By Rachel Alembakis
MELBOURNE — A new regulation forcing superannuation fund trustees to become licensed and comply with stringent and costly prudential standards is opening a new line of business for fund providers.
Most plan sponsors chose to forgo the licensing process and outsource their funds to master trusts, fund managers and consultants.
But some industry observers suggest there is an inherent potential conflict of interest for trustees appointed in outsourcing arrangements in that they are the legal fiduciaries for a superannuation fund and charged with negotiating deals in the fund members' best interests, but also employees of an organization seeking to improve profit. Service providers readily admit they grapple with these issues, but stress that transparency, disclosure and members' interests do come first.
In 2004, the Sydney-based Australian Prudential Regulation Authority, which regulates the superannuation industry, began a two-year process to institute the Registrable Superannuation Entity license. All superannuation funds that have more than five members must have obtained this license by June 30, 2006.
The RSE license has four main categories of requirements: that the trustee is qualified to do the job; that the fund has adequate resources; that agreements with external providers such as investment managers and consultants are made in the interest of members; and that a risk-management plan is created. Superannuation funds could forgo the licensing, but had to prove to the APRA that they made adequate outsourcing arrangements by June 30.

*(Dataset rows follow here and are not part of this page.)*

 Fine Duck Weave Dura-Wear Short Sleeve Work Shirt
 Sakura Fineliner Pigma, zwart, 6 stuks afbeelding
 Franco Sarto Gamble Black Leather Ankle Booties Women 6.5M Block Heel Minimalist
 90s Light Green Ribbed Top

When the licensing process started, there were 1,200 trustees operating around 9,000 funds, according to the APRA. By the end of June, 307 licenses were granted, meaning more than 75% of fund trustees decided to completely outsource their fund, from the trustee's fiduciary responsibility to investment management to administration.

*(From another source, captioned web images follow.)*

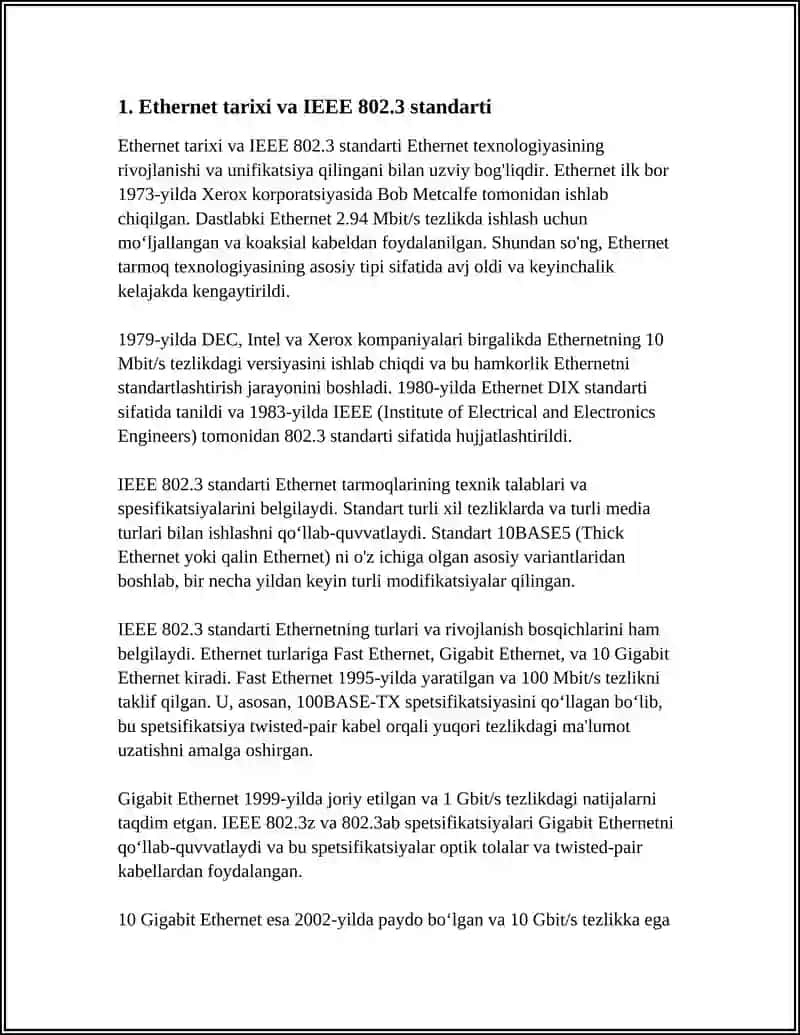 Ethernet texnologiyasi va uning turlari (FAST, GIGABIT, 10G ETHERNET) 3
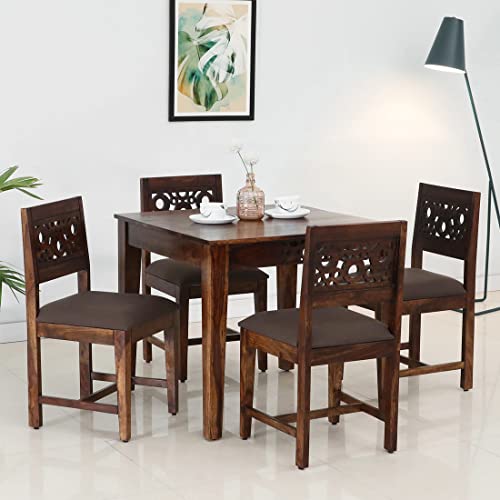 Image of SHRI MINTU'S ART Sheesham Wood Dining Table 4 Seater | Four Seater Dinning Table with 4 Chairs for Home | Chairs with Cushion | Dining Room Sets for Kitchen & Restaurants | Rosewood, Walnut Finish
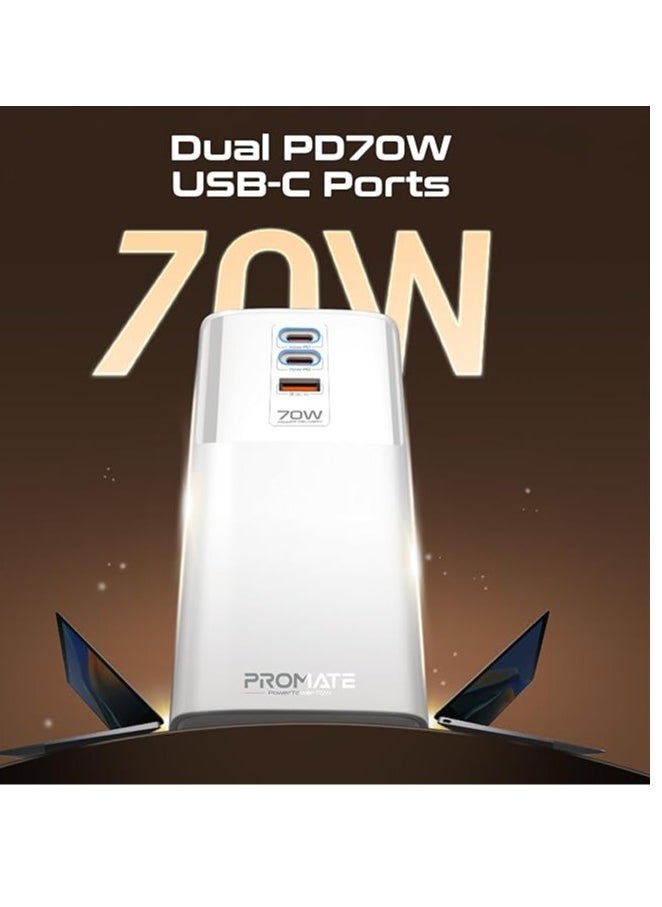 PROMATE - Promate PowerTower-70W - 70W Multi-Port Charging Station provides high-efficiency charging for multiple devices at the same time. It features two 70W USB-C Power Delivery ports, a 30W QC 3.0 port, and four 2500W universal AC outlets to meet the needs of all your devices. - Image 1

The licensing process was time-consuming: Superannuation fund trustees must have had their license applications accepted and thoroughly vetted by APRA before the license was granted, and APRA officials stated that not one application was without errors on the first submission. It also was costly. For example, superannuation funds that are permitted to offer products to the public, the application fee was A$20,000 (US$15,320).
"The legislation and complexity of superannuation funs have grown," said Russell Mason, worldwide partner at Mercer Human Resource Consulting Pty. Ltd. in Sydney. "It's the costs of compliance and regulation that have been the trigger to force companies to say the costs are disproportionate."